Eric’s brain is doing a rapid recapitulation of his childhood memories, sorting through every available shred of evidence that his parents -- he’d known they disapproved of the pastors at church who condemned homosexuality, he’d known they’d voted the Democratic ticket in every election he could remember, supported the campaign against Amendment 1 in 2004 -- but he’d known other people who talked gay rights in the abstract but still reacted badly when confronted by the reality when someone in their own family or circle of friends came out. He’s always assumed that part of the awkwardness he and Coach have lived with since Eric’s middle school years has to do with Coach’s fear that Eric is gay.

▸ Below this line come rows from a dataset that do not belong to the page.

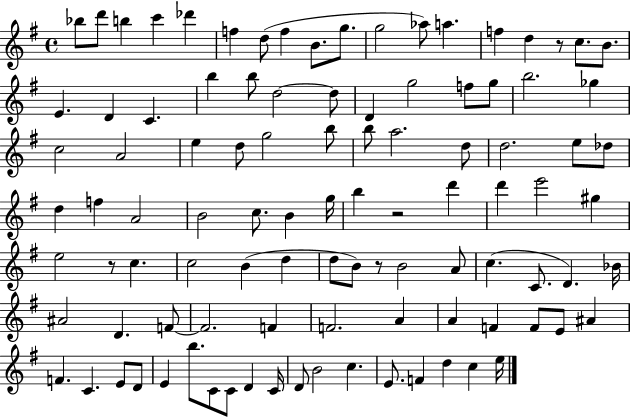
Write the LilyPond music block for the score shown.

{
  \clef treble
  \time 4/4
  \defaultTimeSignature
  \key g \major
  bes''8 d'''8 b''4 c'''4 des'''4 | f''4 d''8( f''4 b'8. g''8. | g''2 aes''8) a''4. | f''4 d''4 r8 c''8. b'8. | \break e'4. d'4 c'4. | b''4 b''8 d''2~~ d''8 | d'4 g''2 f''8 g''8 | b''2. ges''4 | \break c''2 a'2 | e''4 d''8 g''2 b''8 | b''8 a''2. d''8 | d''2. e''8 des''8 | \break d''4 f''4 a'2 | b'2 c''8. b'4 g''16 | b''4 r2 d'''4 | d'''4 e'''2 gis''4 | \break e''2 r8 c''4. | c''2 b'4( d''4 | d''8 b'8) r8 b'2 a'8 | c''4.( c'8. d'4.) bes'16 | \break ais'2 d'4. f'8~~ | f'2. f'4 | f'2. a'4 | a'4 f'4 f'8 e'8 ais'4 | \break f'4. c'4. e'8 d'8 | e'4 b''8. c'8 c'8 d'4 c'16 | d'8 b'2 c''4. | e'8. f'4 d''4 c''4 e''16 | \break \bar "|."
}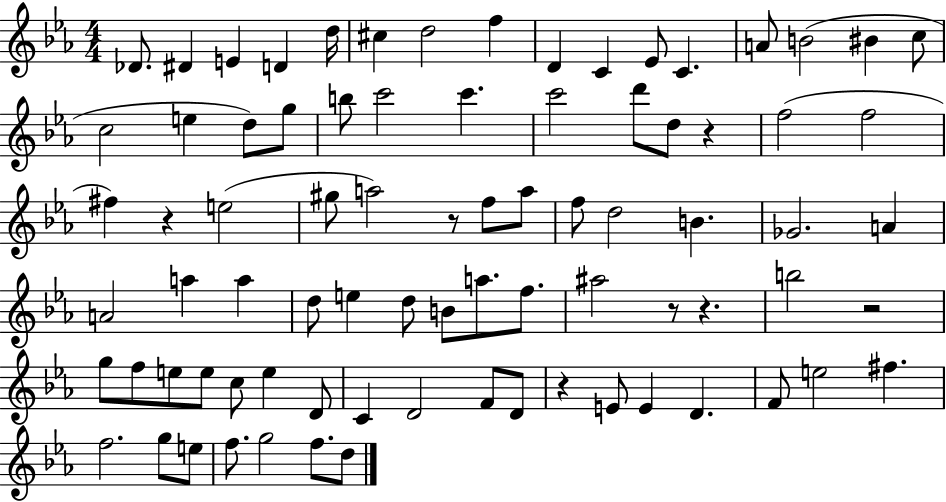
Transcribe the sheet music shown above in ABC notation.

X:1
T:Untitled
M:4/4
L:1/4
K:Eb
_D/2 ^D E D d/4 ^c d2 f D C _E/2 C A/2 B2 ^B c/2 c2 e d/2 g/2 b/2 c'2 c' c'2 d'/2 d/2 z f2 f2 ^f z e2 ^g/2 a2 z/2 f/2 a/2 f/2 d2 B _G2 A A2 a a d/2 e d/2 B/2 a/2 f/2 ^a2 z/2 z b2 z2 g/2 f/2 e/2 e/2 c/2 e D/2 C D2 F/2 D/2 z E/2 E D F/2 e2 ^f f2 g/2 e/2 f/2 g2 f/2 d/2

“I --” he starts, and then stops because he mind is absolutely blank.

Suzanne and Coach exchange a look, and Coach clears his throat. “You should know,” he says, haltingly, “you should know that I understand a bit about liking men, myself.”

Suzanne squeezes Eric’s shoulder. “I met your father when he was with my boyfriend’s roommate Alex,” she says. “It was the early nineties, you understand, and to most people homosexuality was all about AIDS and bisexuality didn’t even exist.”

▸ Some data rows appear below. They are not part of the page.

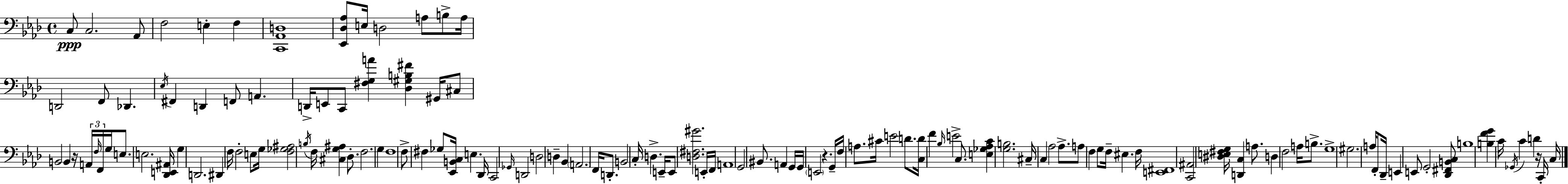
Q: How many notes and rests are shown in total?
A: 134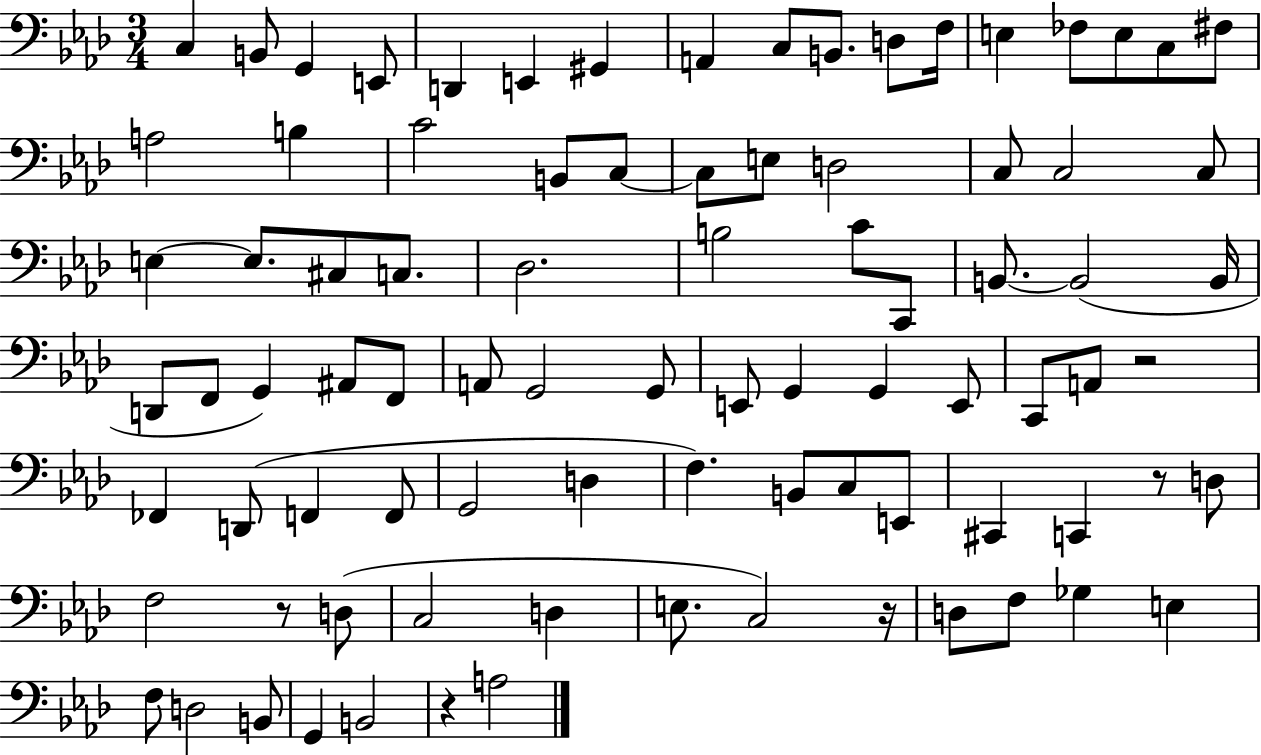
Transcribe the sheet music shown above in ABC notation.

X:1
T:Untitled
M:3/4
L:1/4
K:Ab
C, B,,/2 G,, E,,/2 D,, E,, ^G,, A,, C,/2 B,,/2 D,/2 F,/4 E, _F,/2 E,/2 C,/2 ^F,/2 A,2 B, C2 B,,/2 C,/2 C,/2 E,/2 D,2 C,/2 C,2 C,/2 E, E,/2 ^C,/2 C,/2 _D,2 B,2 C/2 C,,/2 B,,/2 B,,2 B,,/4 D,,/2 F,,/2 G,, ^A,,/2 F,,/2 A,,/2 G,,2 G,,/2 E,,/2 G,, G,, E,,/2 C,,/2 A,,/2 z2 _F,, D,,/2 F,, F,,/2 G,,2 D, F, B,,/2 C,/2 E,,/2 ^C,, C,, z/2 D,/2 F,2 z/2 D,/2 C,2 D, E,/2 C,2 z/4 D,/2 F,/2 _G, E, F,/2 D,2 B,,/2 G,, B,,2 z A,2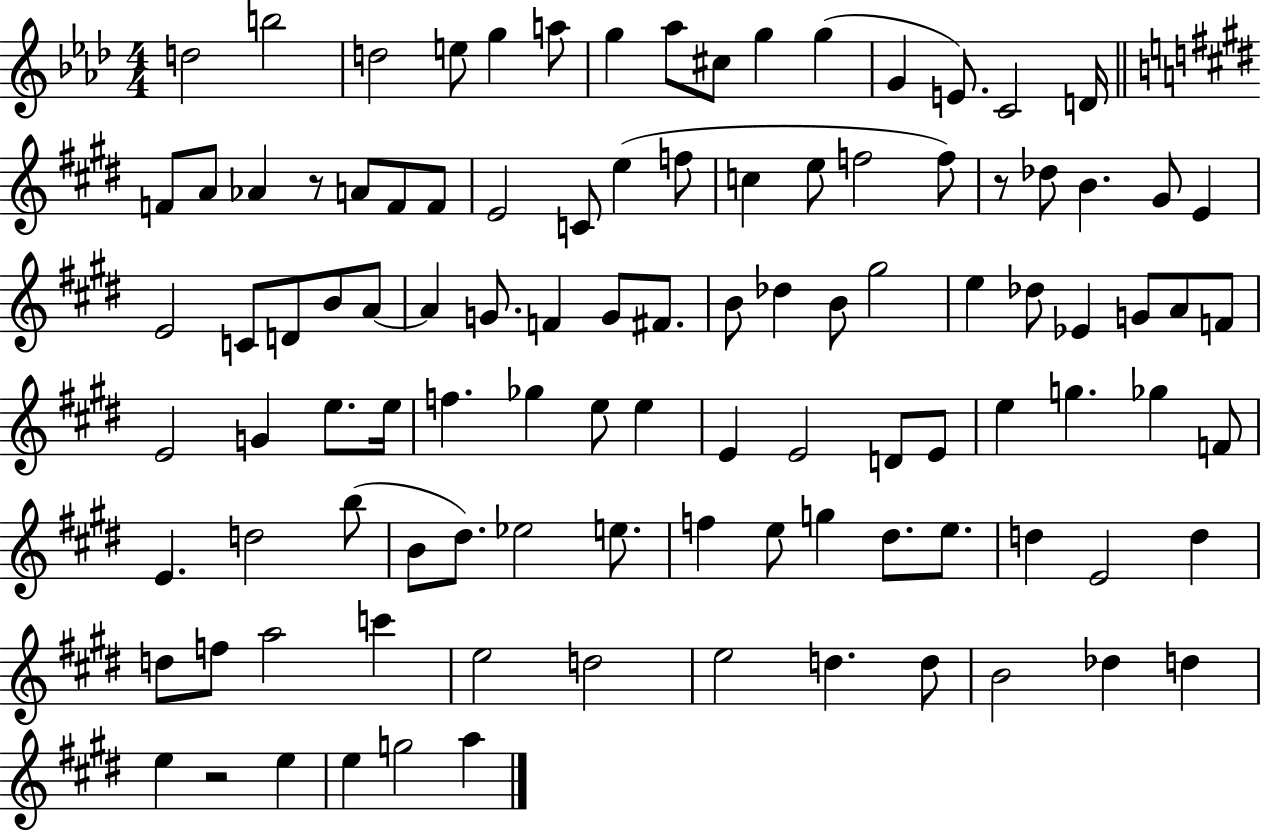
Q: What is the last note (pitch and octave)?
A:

Eric carefully pulls another tissue out of the box, folds it neatly into quarters, and blows his nose a second time. He notes that his hands have stopped shaking and he actually feels perfectly calm. Beyond calm. He’s possibly the calmest he’s ever been in his life because he cannot even begin to understand what is happening here.

“So, wait --” he finally says. “You’re telling me that somehow you just forgot to mention that you’re bisexual. To a son you thought was probably gay.”

“Or bisexual,” Suzanne adds.

“Oh. My. God.” is all Eric can say, staring at his father.

“We couldn’t tell you when you were younger,” Coach says. “I mean -- I was, I am, with your mother. That’s what you needed to know, as a child. And I work with kids. I would have lost my job if the school board had found out that I --”

“I--” Eric says again. “I can’t even --” Part of him is furious that his parents somehow didn’t think this was relevant to him. How dare they assume he would just know that they -- what do they think he is, fucking psychic?

But the tide of relief that he feels over having said it, finally, and to have the world not come crashing down but somehow stabilize under his feet just --

They have so much to talk about, but right now he needs to -- “I think -- I think I’d like to go call Jack?” he says. “Is that alright? And then maybe … maybe we could do waffles in the morning?”